Well-off Myanmar citizens with health concerns are travelling to a wide range of mainly Asian countries for first-rate healthcare at relatively low cost.
A major destination is Thailand, which in 2007 received 36,257 Myanmar patients for medical treatment out of a total of 75,183 Myanmar travellers. Thai statistics show that 1.4 million foreigners entered Thailand for medical treatment in 2007, and the number in 2008 is expected to have risen to 1.69 million. There were 100,773 patients from ASEAN countries, of whom the largest group came from Myanmar (36 percent), followed by a quarter from Cambodia.
Thailand is not the only destination for healthcare. Some wealthy Myanmar citizens go as far as Germany for medical treatment. But the number of visitors going to Thailand for healthcare has increased because of the quality of the medical service, value for money and location.
SM Tours is a Myanmar travel agency and a local representative of Thailand’s Phyathai Hospitals Group. Managing director U Maung Maung Swe said Myanmar patients had been seeking medical treatment in Singapore and Malaysia since 1990. Thailand has been rapidly expanding in popularity as a destination for medical treatment since 2000.
“Most Myanmar patients go to hospitals in Thailand for a medical check-up or an operation. Our company arranges the medical documentation for patients to Phyathai hospitals, arranges appointments and advises patients,” he said.
Vertex, another agency, is an authorised agent for AMRI Hospitals in Kolkata, India.
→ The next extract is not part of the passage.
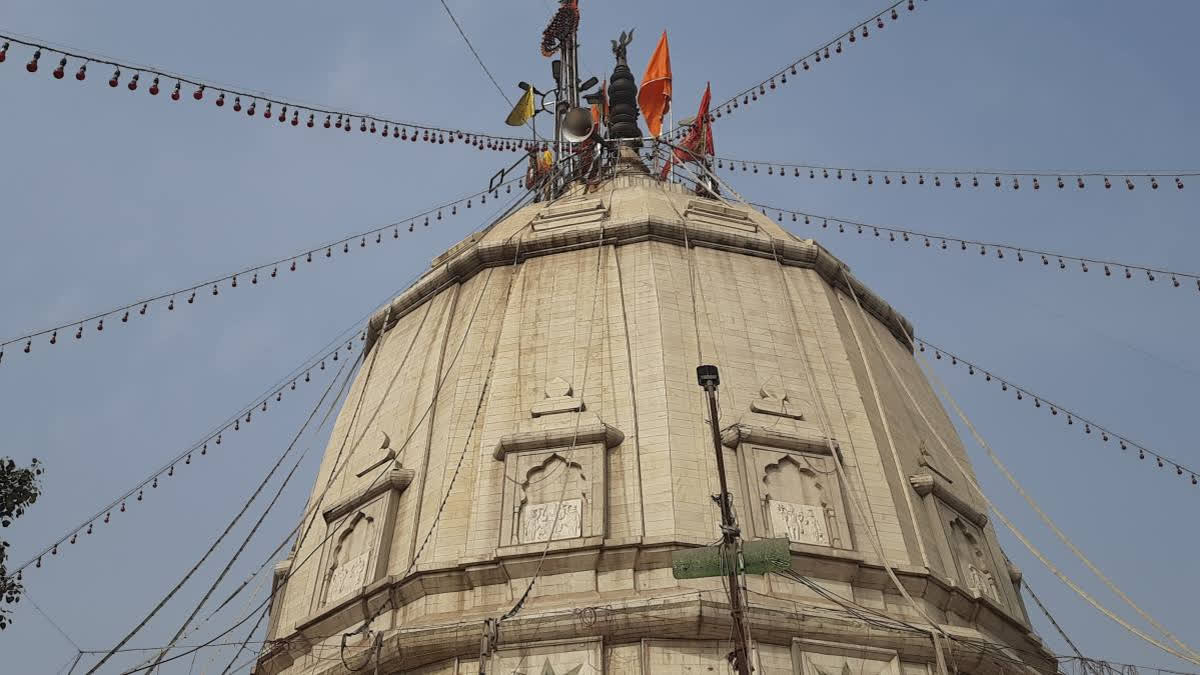 1 dead, 17 injured as stage collapses at Delhi's Kalkaji temple Stage collapses at Delhi's Kalkaji temple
U Aung Thurein, the managing director, said Myanmar travellers started going to India for health treatment five years ago, mostly for liver ailments or kidney transplants.
“Myanmar patients chose India because the country has advanced information technology with good medical services, weather and food are similar to Myanmar, and the costs are 40 to 50 percent lower than in Singapore.”
Dr Su Naing from the Myanmar office of ParkwayHealth points out that cost and value are not the same as Singapore is considered good value as a medical destination for Myanmar patients. He said: “Hospitals in Singapore have advanced technology with qualified doctors and good facilities, but the costs are 50 percent higher than in Thailand.”
ParkwayHealth Information Centre (PHIC) opened in August last year as an information centre for three hospitals – Mount Elizabeth, Gleneagles and East Shore Hospital- all part of Parkway in Singapore.
Gleneagles Hospital has successfully operated on ten Myanmar citizens for liver transplants in its Asia Centre for liver disease and transplants. It attracts 10 to 15 patients a month from Myanmar for liver disease related treatments. Most Myanmar patients who go to Mount Elizabeth Hospital are cancer patients, with 15 to 20 patients from Myanmar a month. As yet there have been no Myanmar patients at East Shore.
PHIC gives medical advice to patients who want to receive health treatment at any of those three hospitals, and helps them with travel arrangements.